When the Sierra Club publicly lauded Honda’s Insight, representing the first such endorsement in the group’s 108-year history, the event made headlines and gave the Japanese company a lot to brag about. Here, after all, is a vehicle with a hybrid drive train featuring an electric motor-assisted gasoline engine that delivers as much as 70 miles per gallon. And it is being endorsed by what for many is the premier environmental league in the land--a group dedicated to fighting much of what the auto industry has always stood for.

Almost immediately, an officer of another national environmental group, the Union of Concerned Scientists, took issue.

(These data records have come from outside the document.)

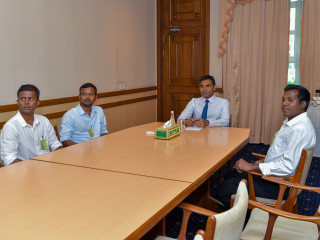 ނައިބު ރައީސް ވަން ފުވައްމުލަކު ޖަމިއްޔާ އާއި ބައްދަލުކުރެއްވުން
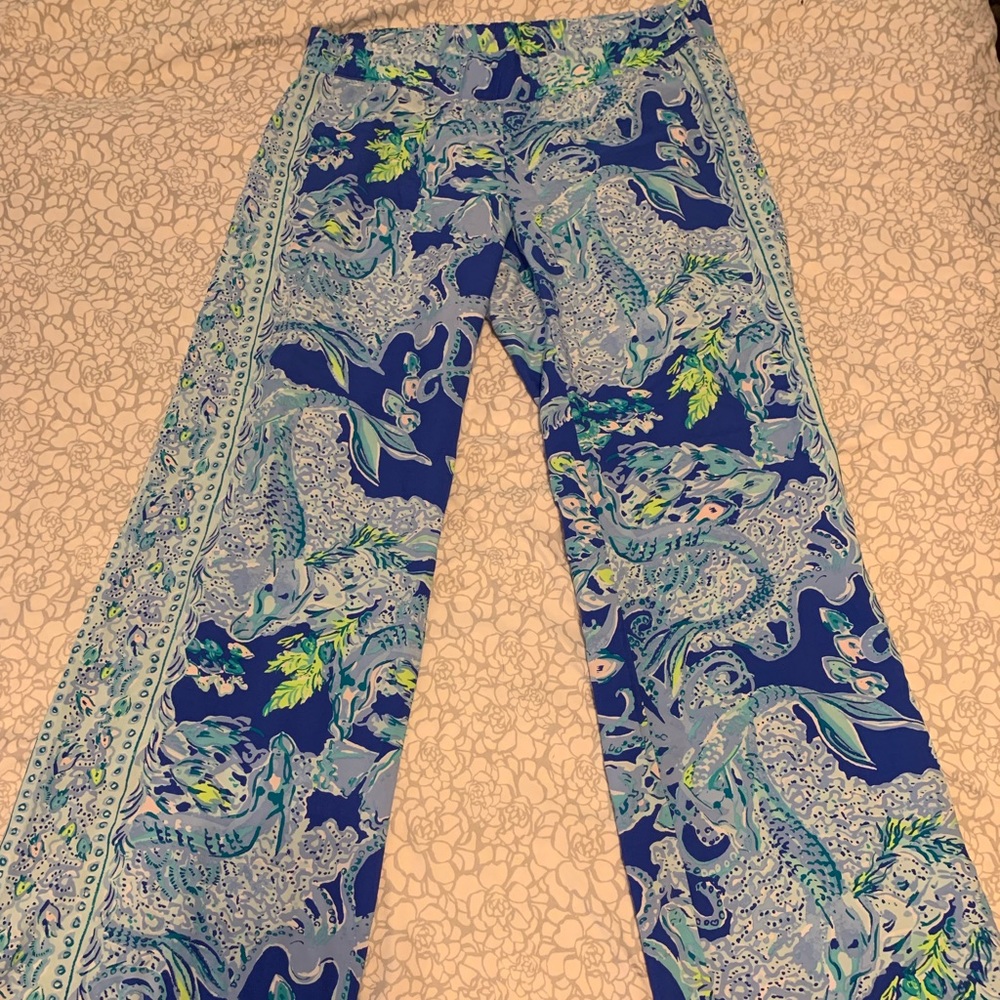 Lily comfortable pants size medium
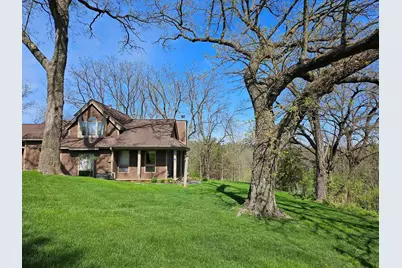108 Walnut Hill Drive, Galena, IL 61036 - Photo 9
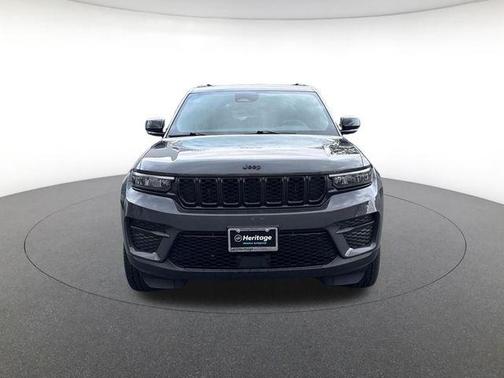 Baltic Gray Metallic Clearcoat 2023 Jeep Grand Cherokee Altitude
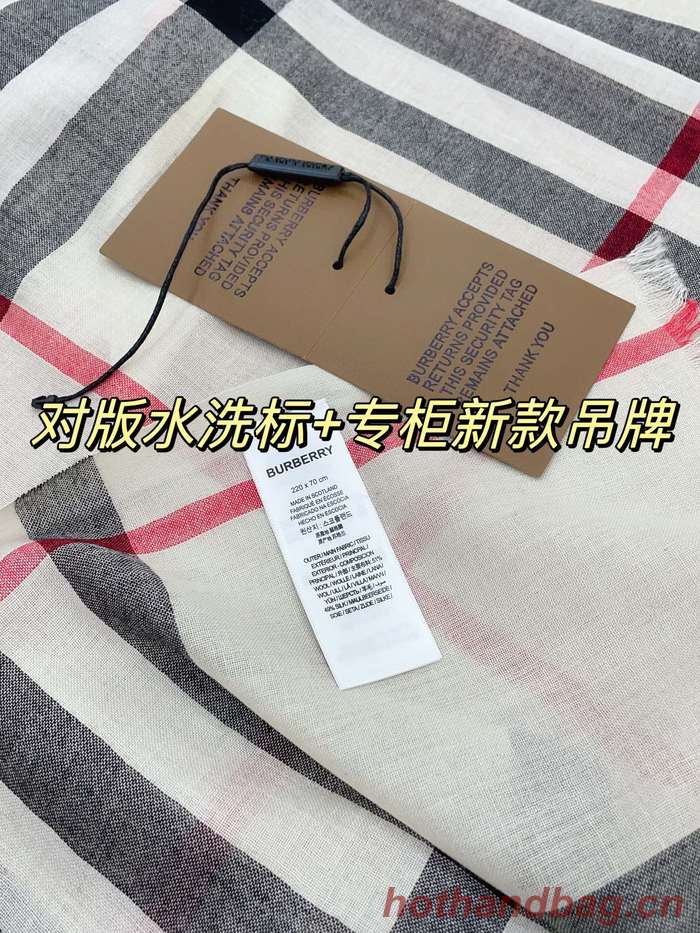 Burberry Scarf BBC00156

Honda’s Insight might get great mileage, thus helping to reduce petroleum dependence and lessen degradation of the ozone layer, wrote UCS Transportation Program Director Roland Hwang, but it is no great shakes when it comes to emitting smog-causing pollutants.

Honda makes a Civic that runs on natural gas and has lower emissions than the Insight, he pointed out, and the company this year began selling a gasoline-powered Accord that gets a SULEV rating. Instead of lauding the Insight, given its ultra-low-emissions-vehicle rating, the Sierra Club should perhaps have scolded Honda for not pushing the technological envelope to achieve an even lower SULEV rating for the Insight, Hwang suggested.

Then three months later, on March 15, UCS (Hwang included) issued its first-ever pollution ranking of the world’s auto makers.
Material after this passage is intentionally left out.